WTOV-TV
- Steubenville, Ohio; Wheeling, West Virginia; ; United States;
- City: Steubenville, Ohio
- Channels: Digital: 9 (VHF); Virtual: 9;
- Branding: WTOV 9; News 9; Fox 9 (9.2);

Programming
- Affiliations: 9.1: NBC; 9.2: Fox; for others, see § Subchannels;

Ownership
- Owner: Sinclair Broadcast Group; (WTOV Licensee, LLC);

History
- First air date: December 24, 1953
- Former call signs: WSTV-TV (1953–1979)
- Former channel numbers: Analog: 9 (VHF, 1953–2009); Digital: 57 (UHF, 2002–2009);
- Former affiliations: CBS (1953–1980); ABC (secondary 1953–2000, college sports only 2000–2009);
- Call sign meaning: "We're Television for the Ohio Valley"

Technical information
- Licensing authority: FCC
- Facility ID: 74122
- ERP: 30 kW
- HAAT: 282 m (925 ft)
- Transmitter coordinates: 40°20′33.3″N 80°37′13.3″W﻿ / ﻿40.342583°N 80.620361°W

Links
- Public license information: Public file; LMS;
- Website: wtov9.com

= WTOV-TV =

Television station in Steubenville, Ohio

WTOV-TV (channel 9) is a television station licensed to Steubenville, Ohio, United States, serving the Wheeling, West Virginia–Steubenville, Ohio market as an affiliate of NBC and Fox. Owned by Sinclair Broadcast Group, the station maintains studios and transmitter facilities on Burr Avenue in Mingo Junction, Ohio (mailing address reads Red Donley Plaza in Steubenville).

==History==
The station went on air as WSTV-TV (for Steubenville) on December 24, 1953. It was owned by Rust Craft Broadcasting along with WSTV radio (1340 AM), which went off the air in 2011, and 103.5 FM (now WNKV). When the Federal Communications Commission (FCC) opened bidding for the channel 9 license, Rust Craft and CBS emerged as the favorites. CBS planned to move the station's license to Pittsburgh in order to get its own station in what was then the sixth-largest market. However, the FCC turned CBS' bid down. The major cities in the Upper Ohio Valley are so close together that they must share the VHF band, and the FCC had opted not to issue any more VHF construction permits to Pittsburgh in order to give Wheeling–Steubenville and the other smaller markets in the area a chance to get on the air. The Wheeling–Steubenville TV market, despite its very close proximity to Pittsburgh and overlapping signals, remains a separate market today.

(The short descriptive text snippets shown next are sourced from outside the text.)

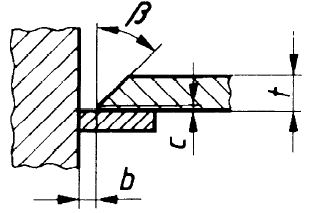 121-5.jpg
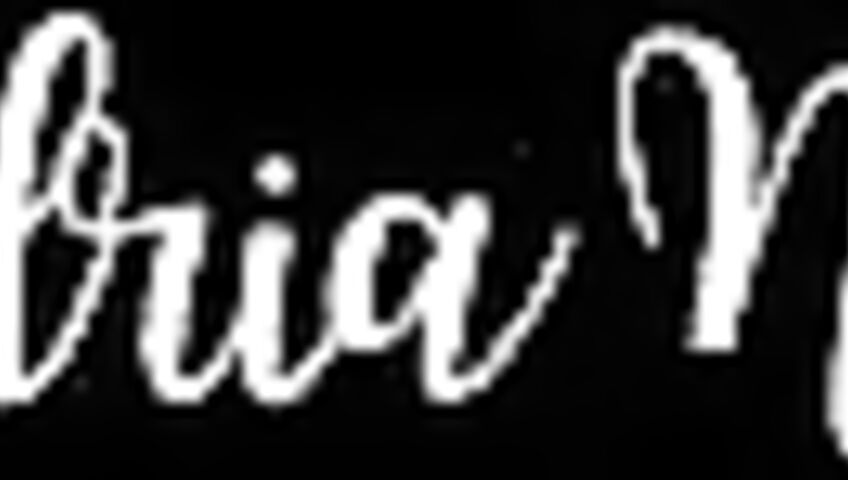 Adria Nite - You Are My Sunshine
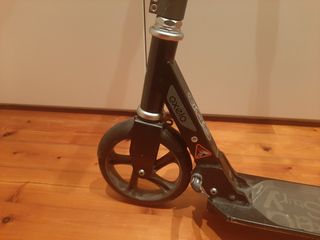 Patinete Oxelo para niño o adulto 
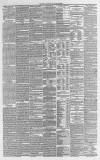 Cheltenham Chronicle Thursday 03 April 1851 Page 4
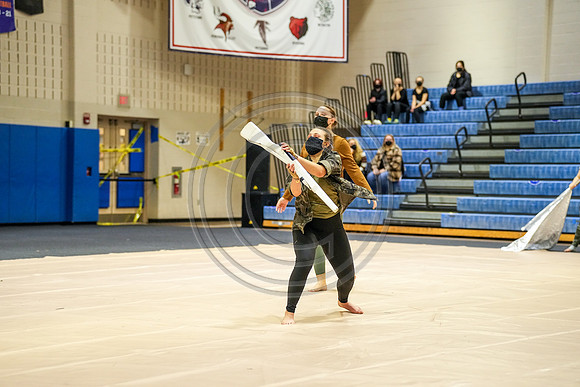 Boyertown Guard_220122_Spring-Ford-00991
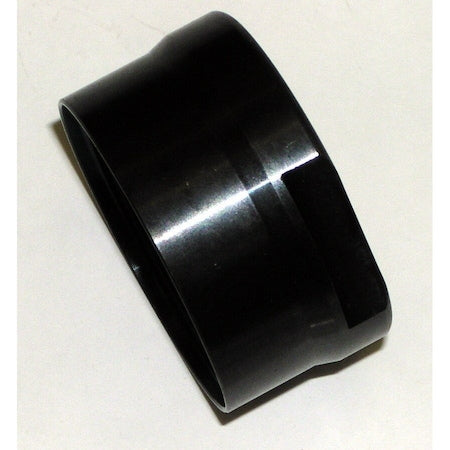 3M 54073 - Lock Ring 54073, 1/pk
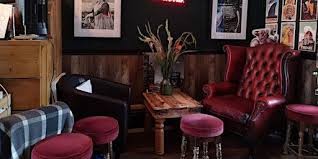 Image result for Horley Scrabble Club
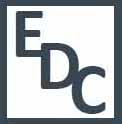 ELEMENTAL DATA CORP logo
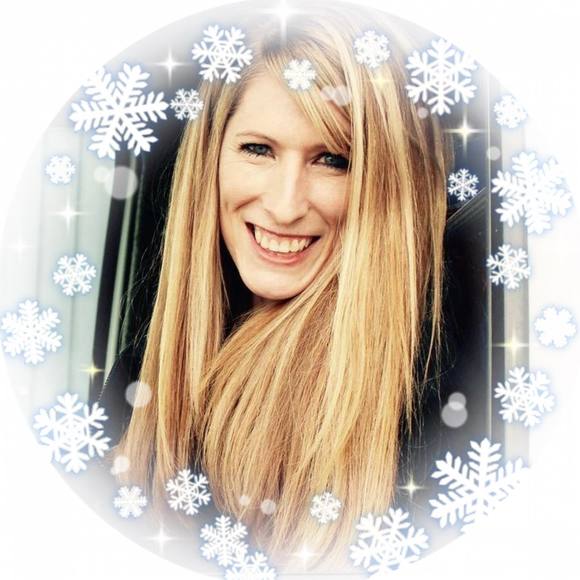 Meet your Posher, Melanie - Picture 1 of 1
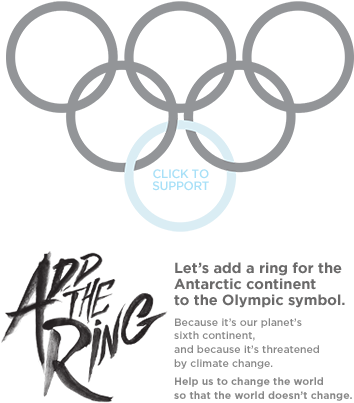 Moscow 1980 Olympics Poster (375x455), Png Download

Channel 9 was originally a CBS affiliate, but also carried a secondary affiliation with ABC, sharing that network's programming with NBC affiliate WTRF-TV (channel 7). It changed its call letters to WTOV (standing for "We're Television for the Ohio Valley") on June 1, 1979, after Rust Craft merged with Ziff Davis and sold off the radio stations. The call letters had been previously used for a TV station in Portsmouth, Virginia that is now WGNT. During its time as a CBS affiliate, the station struggled in the ratings due to the presence of Group W powerhouse KDKA-TV (channel 2) in Pittsburgh, which to this day remains widely viewable in the area both over-the-air and available on cable.

The station began phasing out ABC in the 1970s, but continued to carry a few ABC programs in off-hours for many years. Channel 9 had little need to air many ABC shows due to the presence of WTAE-TV (channel 4), Youngstown affiliate WYTV (channel 33), and to a lesser extent Columbus affiliate WTVN-TV (channel 6, now WSYX) on cable systems in the area; WSYX is now a sister station to channel 9.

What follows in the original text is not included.